In Davis v. Van Camp Pkg. Co., (Iowa), 176 N.W. 382, there is an elaborate and interesting discussion of the principles involved in this case, and a number of other authorities are cited. See also 17 A.L.R. 649 to 710, where both sides of the question are considered. True, many other authorities may readily be found holding the opposite view (unless the article is inherently dangerous), such as Windram Mfg. Co. v. Boston Black. Co., 131 N.E. 454, and the cases cited therein.
We think the sounder reasoning is in support of the theory that a sale of food or beverage impliedly warrants that it shall be free of a foreign matter which may be injurious to the well-being of the consumer. Nor do we see any just reason, from a public policy standpoint, as the health or human life may be involved, why a sale of food or beverage intended for human consumption should not carry with it an implied warranty that it is suitable and wholesome. Our Sales Act of May 19, 1915, P.L. 543, Section 15, provides that an implied warranty as to the quality or fitness for a particular purpose may be annexed by the usage of trade. Of course, there could have been no question as to the particular purpose for which the coca cola was to be used. It can hardly be conceived that it was for any other than drinking purposes and the implication is so strong as to be almost conclusive.
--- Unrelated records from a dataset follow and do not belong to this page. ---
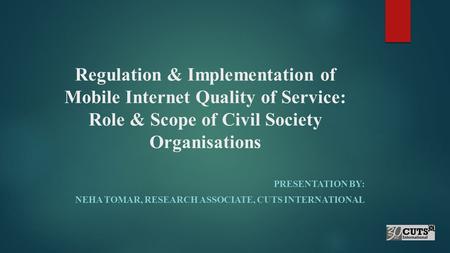 Regulation & Implementation of Mobile Internet Quality of Service: Role & Scope of Civil Society Organisations PRESENTATION BY: NEHA TOMAR, RESEARCH ASSOCIATE,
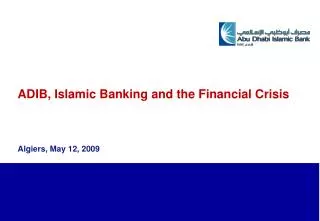ADIB, Islamic Banking and the Financial Crisis
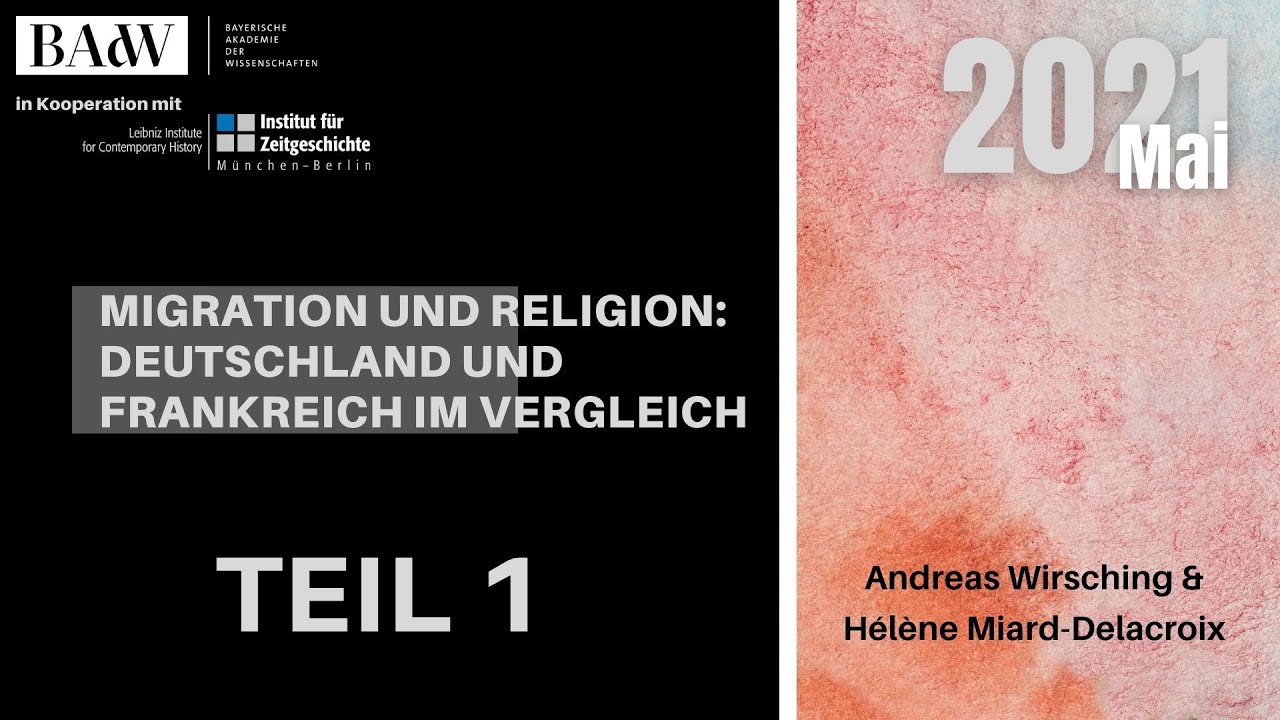Migration und Religion: Andreas Wirsching im Gespräch mit Hélène Miard-Delacroix (Teil 1)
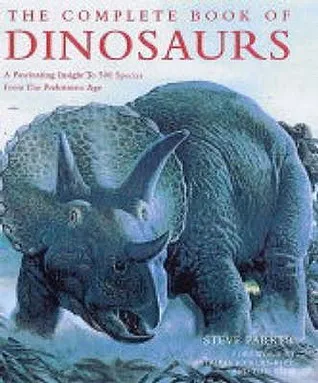 The Complete Book of Dinosaurs: A Fascinating Insight to 500 Species from Prehistoric Age.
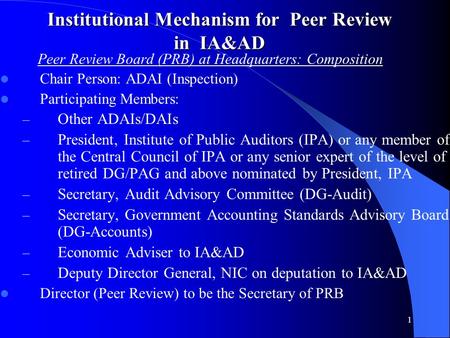 1 Institutional Mechanism for Peer Review in IA&AD Peer Review Board (PRB) at Headquarters: Composition Chair Person: ADAI (Inspection) Participating Members:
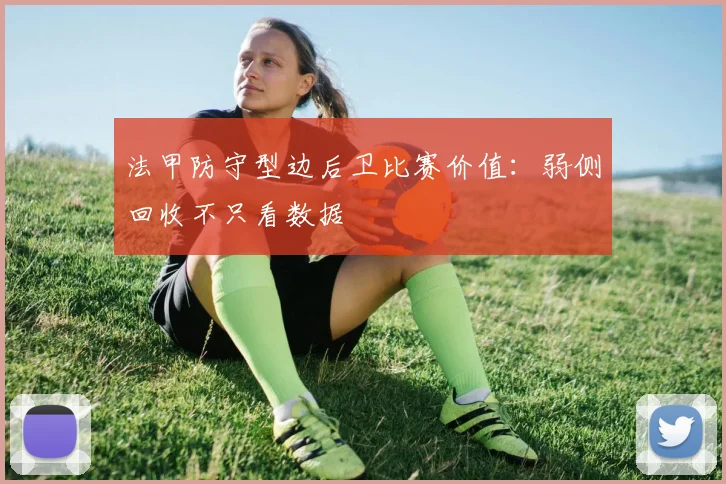 法甲防守型边后卫比赛价值：弱侧回收不只看数据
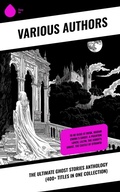 Cover: The Ultimate Ghost Stories Anthology (400+ Titles in One Collection) - Sharp Ink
If it be assumed that the action was improperly begun in assumpsit, we will not reverse on such a formal matter after a trial, notwithstanding the case was tried as if brought in trespass, without objection to the form of the action. "The pleadings are not of much account after a trial in the court below on the merits": Readdy v. Bor. of Shamokin, 137 Pa. 92. In the case of Erie City Iron Works v. Barber, 118 Pa. 6, 19, the court said, "After a trial on the merits, no defect of pleading which could have been raised by demurrer will be fatal to the judgment, unless it is shown to have injuriously affected the trial. The proper amendment will be considered to have been made." See also Cavene v. McMichael, 8 S. R. 441; Fox v. Cohen, 65 Pa. Super. 337; Smith v. Bellows, 77 Pa. 441; Bright v. Getz, 81* Pa. 144; Wilkinson v. Northeast Boro., 215 Pa. 486; N.Y. Penna. Co. v. N.Y.C.R.R., 267 Pa. 64.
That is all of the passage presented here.